Tinnin glanced to Luke and then back to her. “Your cousin wants assurances you are protected because of the recent incident. He and your supervisors feel there may be an ongoing threat.”

She doubted that. Sophia glanced at Bear Den. He looked capable, but an FBI agent did not need the protection of a small-town cop.

“Detective Bear Den is very good and knows the territory,” said her cousin. “He’s an ex-marine. Weapons specialist. He’s been a tribal detective for seven years here and knows the terrain. He is an honored member of his medicine society, the Turquoise Guardians, and of the elite warrior society, Tribal Thunder. He’s their best.”

Best of nine, she thought.

“You can trust him to keep you safe.”

Bear Den spoke to her and his voice was deep and rich as dark coffee. She loved the sound.

“My honor,” he said.

She cast him a dubious look and he inclined his chin, as if readying for a fight.

“Detective Bear Den will make sure you are safe,” said Luke. “It’s a condition of your consultation.”

“My supervisor onboard with this?”

“He had no objections.”

She blew out her frustration. “Fine.”

“So you will have protection 24/7,” said Tinnin.
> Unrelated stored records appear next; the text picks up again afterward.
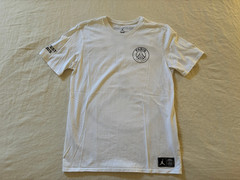 Nike Air Jordan Paris Saint-Germain Men’s PSG White Graphic T-Shirt, Size – L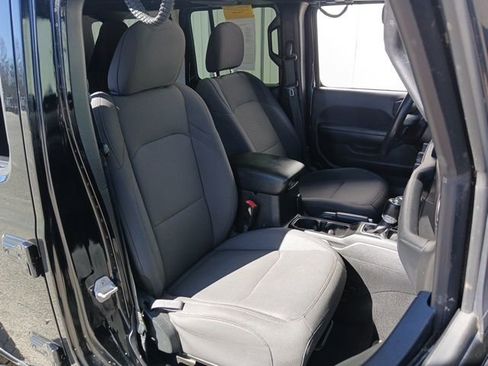 Used 2020 Jeep Wrangler Unlimited Sport S image 26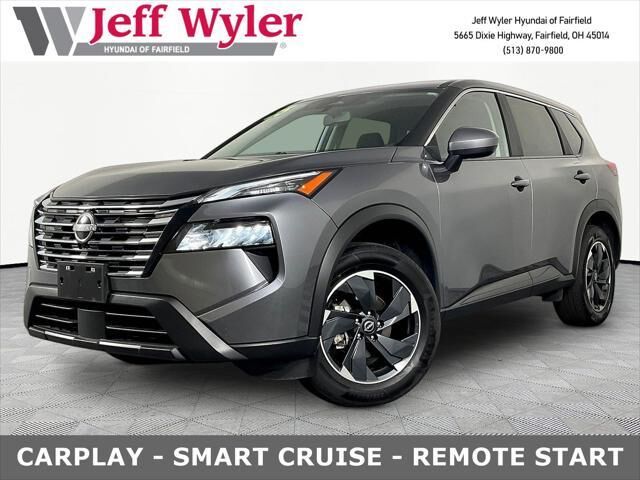 2025 Nissan Rogue SV — photo 1 of 4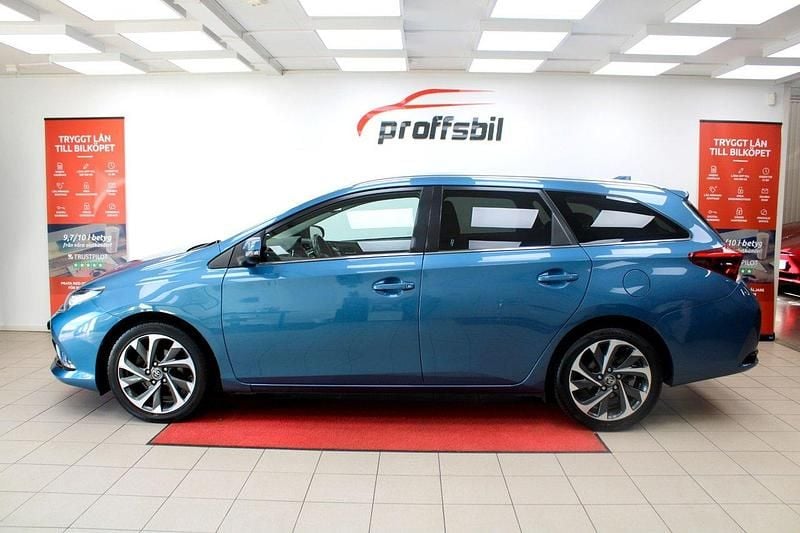Blå Begagnad 2016 Toyota Auris Touring Sports Active Kombi | 119 500 kr (Bra pris) - Bild 1/4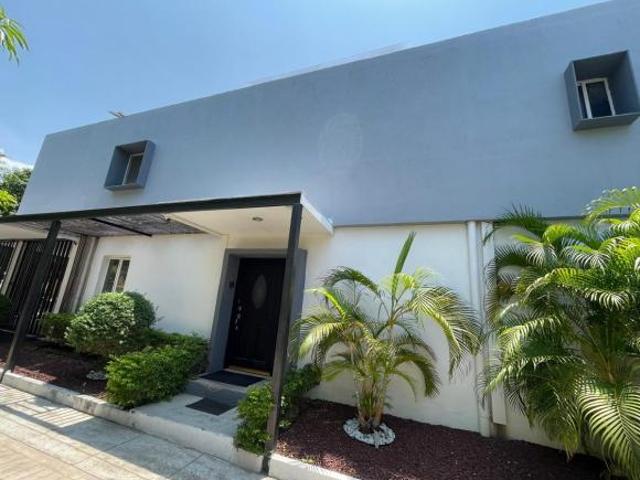 CASA EN VENTA MANZANILLO, 3 HABITACIONES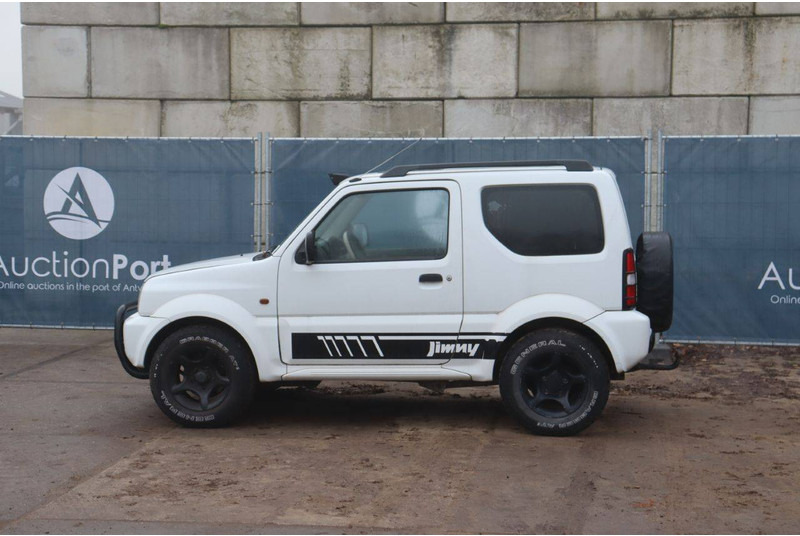 Suzuki Jimny - SUV: foto 3 Suzuki Jimny - SUV: foto 3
“Maybe twenty-four. Certainly not seven. This won’t take as long as you think,” Sophia assured him. Her confident smile was met with silence. “I’d like to get started.”

Because the sooner they started, the sooner she could get out of here.

“Detective Bear Den will bring you up to the closest reservoir now,” said Luke. Bear Den cast her a wicked smile.

And that was when it happened. Her body, always reliable, and her mind, always predictable, both short-circuited at once. Her stomach flipped as she squinted at him trying to figure how the upturning of his lips could make her go all jittery inside. She met the steady stare and the challenge with a smile of her own. The connection grew. He had an air of confidence and a physicality that inspired her to all kinds of bad ideas.

“Check in with me tonight, okay?” said her cousin. “Let me know when you expect to be finished your consultation and I’ll come get you.”

She tore her gaze from the detective.

“Sure thing,” she promised.

“We’ll make sure she stays in touch,” said Tinnin.

He handed her a large boxy black Motorola radio that looked a decade old. She clipped it to the waistband of her slacks.

“You ready for a tour?” asked the detective.

“Absolutely. I look forward to it.” She didn’t, because the idea of being trapped in a vehicle with him made her skin itch.